_About this task_
Could you restate the data word for word and drop the pictures?

[[ Source data open ]]

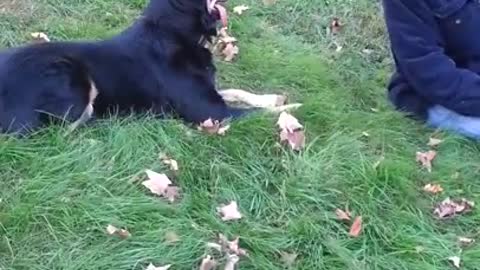 Roxie in the leaves with Chris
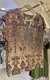 T-shirt decote v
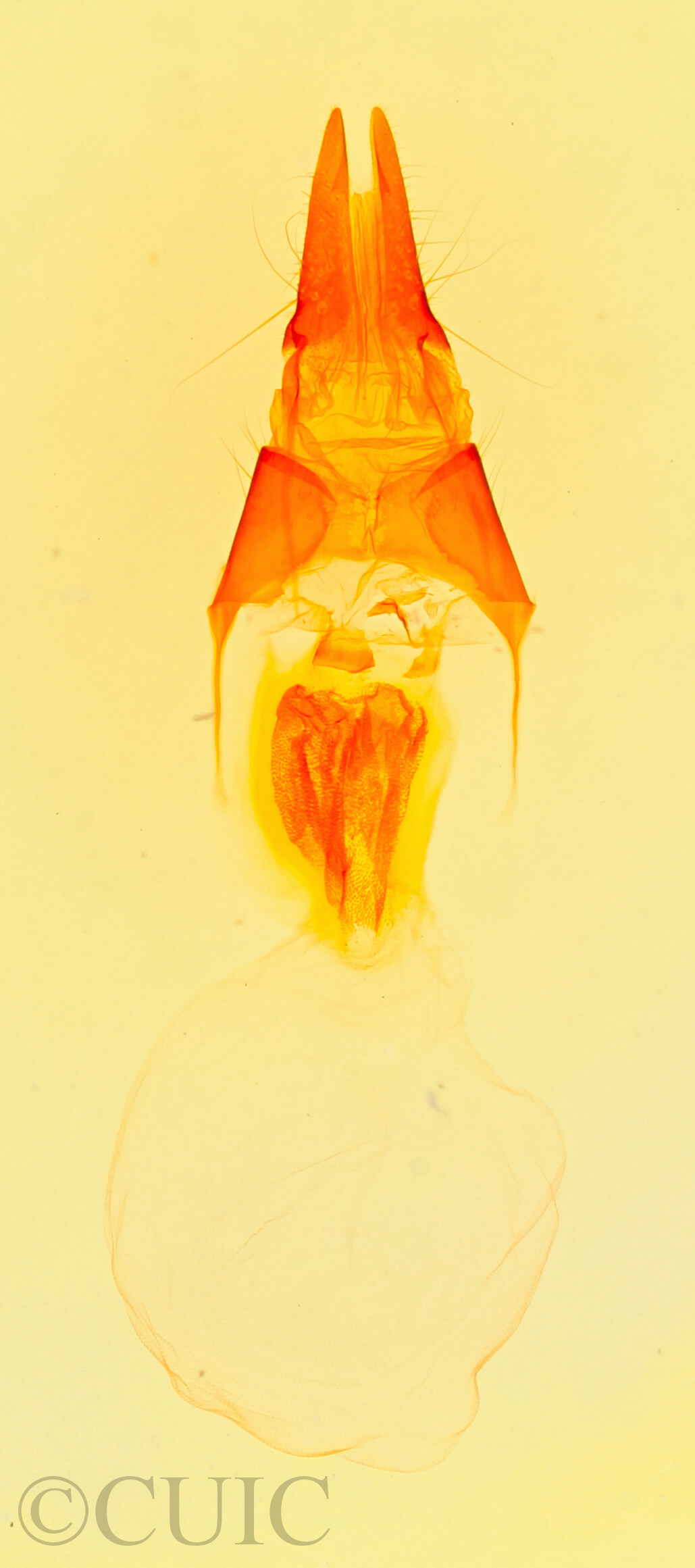 genitalia view of adult Copablepharon sp.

[[ Source data closed ]]

_Result of the exercise_
 Roxie in the leaves with Chris
 T-shirt decote v
 genitalia view of adult Copablepharon sp.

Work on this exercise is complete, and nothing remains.